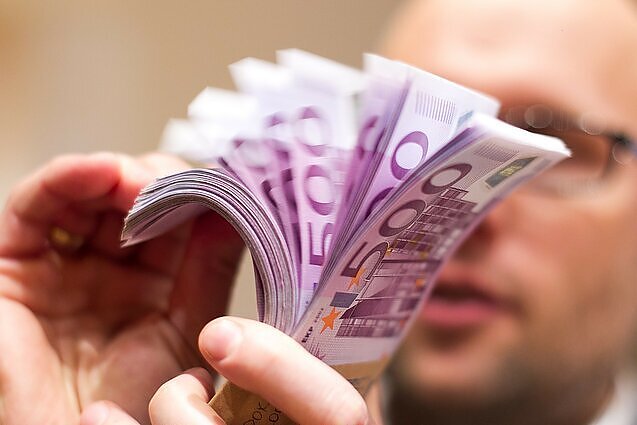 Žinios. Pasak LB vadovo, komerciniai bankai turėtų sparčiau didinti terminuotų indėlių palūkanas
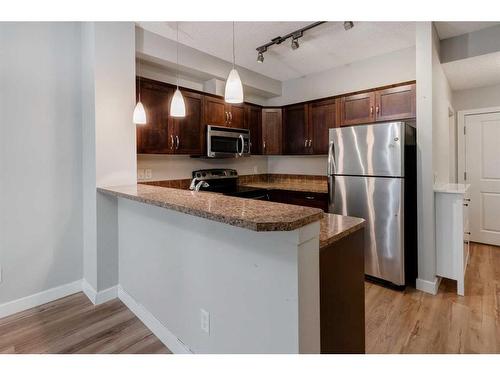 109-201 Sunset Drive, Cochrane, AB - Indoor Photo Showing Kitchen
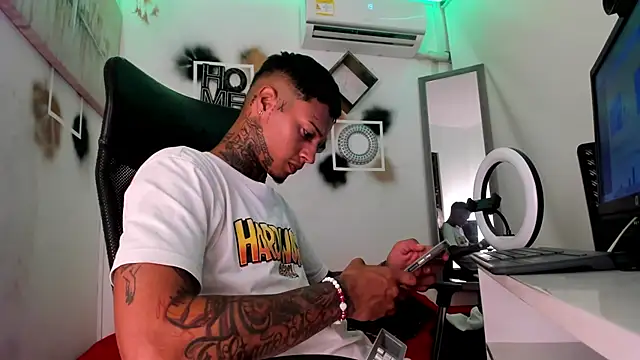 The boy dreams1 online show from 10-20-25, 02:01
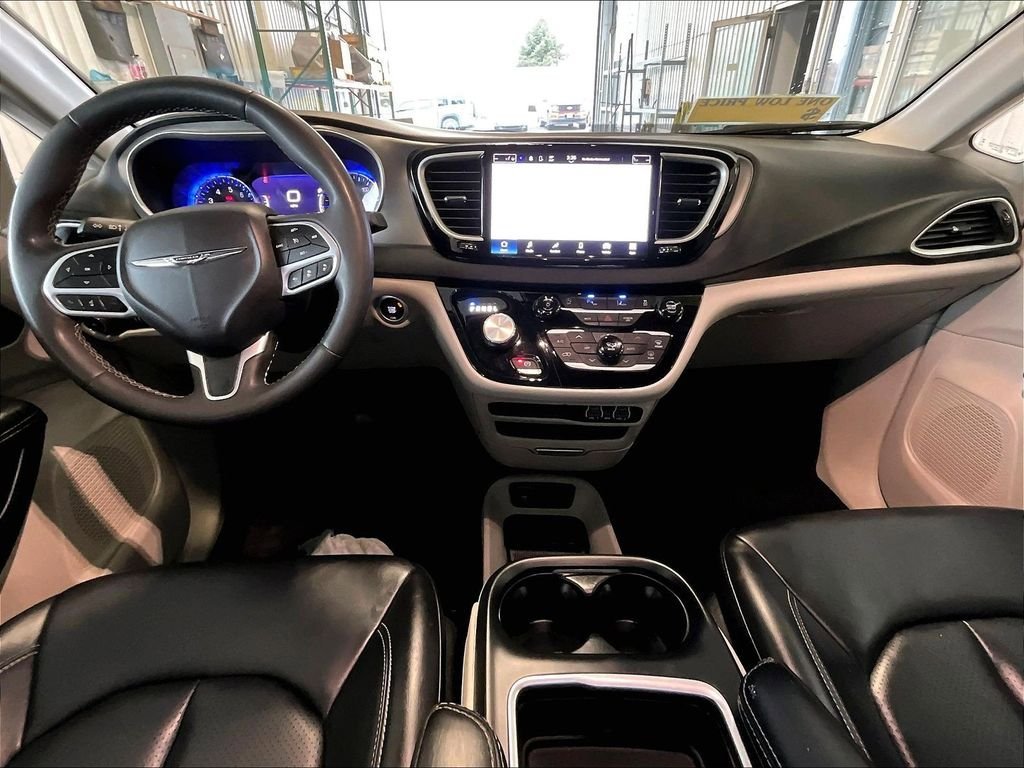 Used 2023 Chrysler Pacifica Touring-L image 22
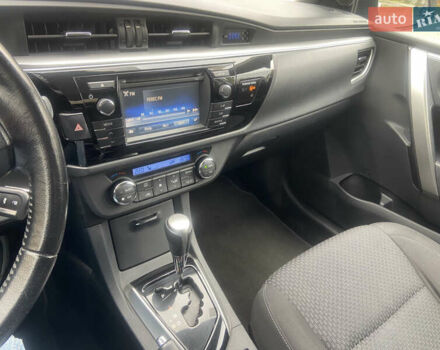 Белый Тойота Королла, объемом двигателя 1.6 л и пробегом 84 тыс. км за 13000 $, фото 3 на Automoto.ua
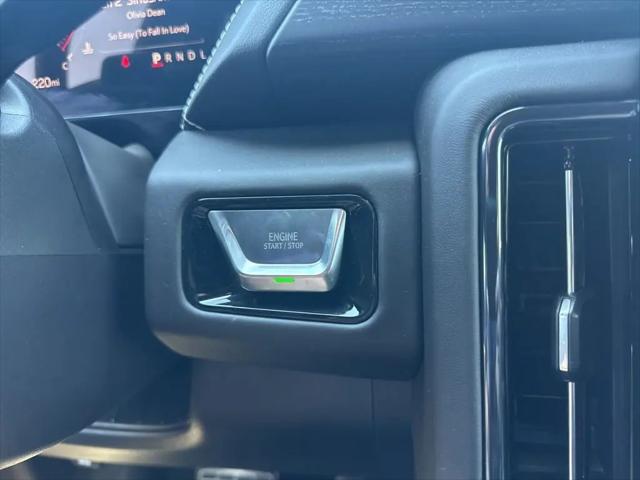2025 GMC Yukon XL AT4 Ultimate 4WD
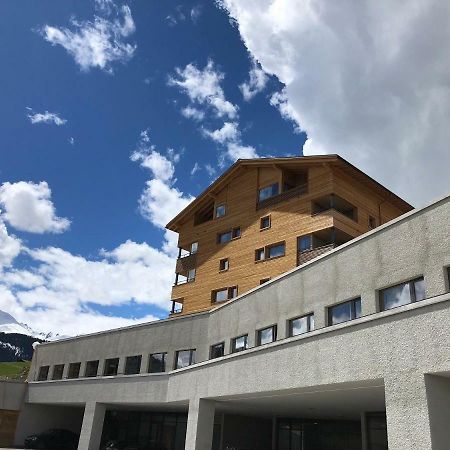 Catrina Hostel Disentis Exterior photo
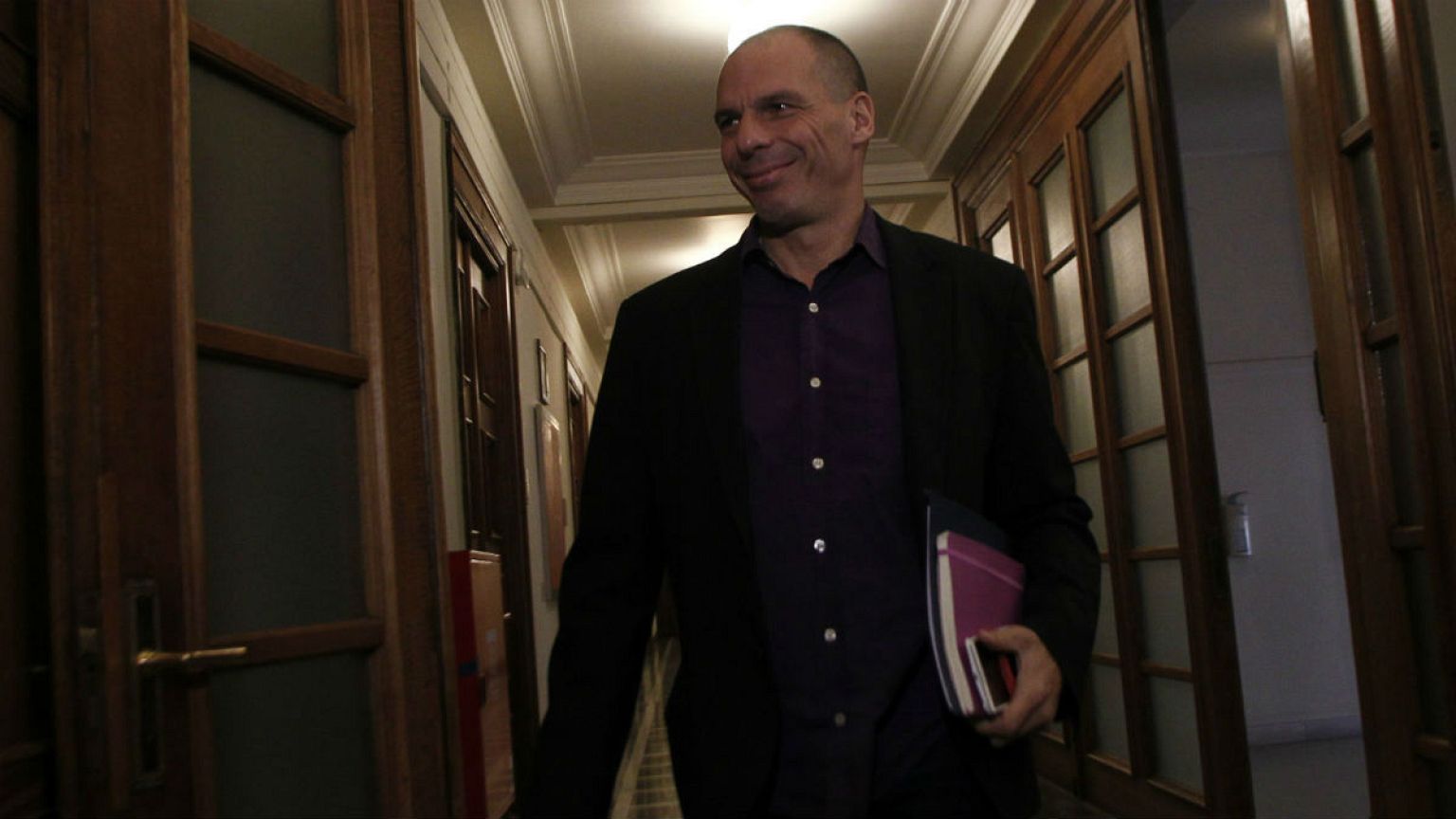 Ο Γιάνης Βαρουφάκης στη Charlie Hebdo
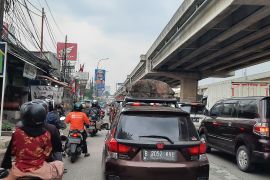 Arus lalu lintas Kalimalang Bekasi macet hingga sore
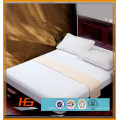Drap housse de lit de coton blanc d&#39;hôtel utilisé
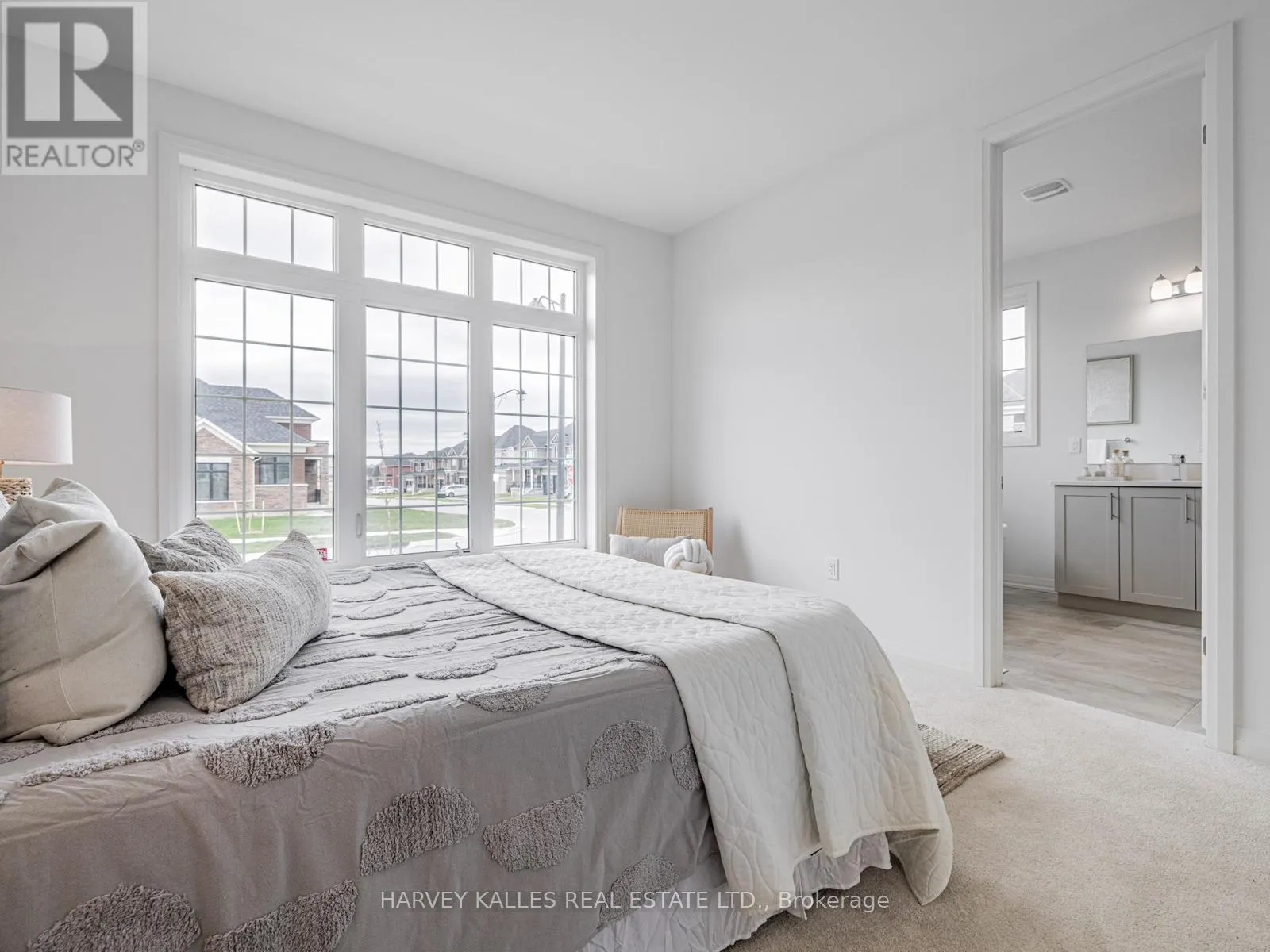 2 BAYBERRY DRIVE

▶ [WHAT IS REQUIRED]: Copying starts at the line containing "109-201 Sunset Drive, Cochrane, AB" and ends at the last line of the material above; repeat only those lines exactly and omit the pictures.

▶ [WRITTEN RESPONSE]:
 109-201 Sunset Drive, Cochrane, AB - Indoor Photo Showing Kitchen
 The boy dreams1 online show from 10-20-25, 02:01
 Used 2023 Chrysler Pacifica Touring-L image 22
 Белый Тойота Королла, объемом двигателя 1.6 л и пробегом 84 тыс. км за 13000 $, фото 3 на Automoto.ua
2025 GMC Yukon XL AT4 Ultimate 4WD
 Catrina Hostel Disentis Exterior photo
 Ο Γιάνης Βαρουφάκης στη Charlie Hebdo
 Arus lalu lintas Kalimalang Bekasi macet hingga sore
Drap housse de lit de coton blanc d&#39;hôtel utilisé
 2 BAYBERRY DRIVE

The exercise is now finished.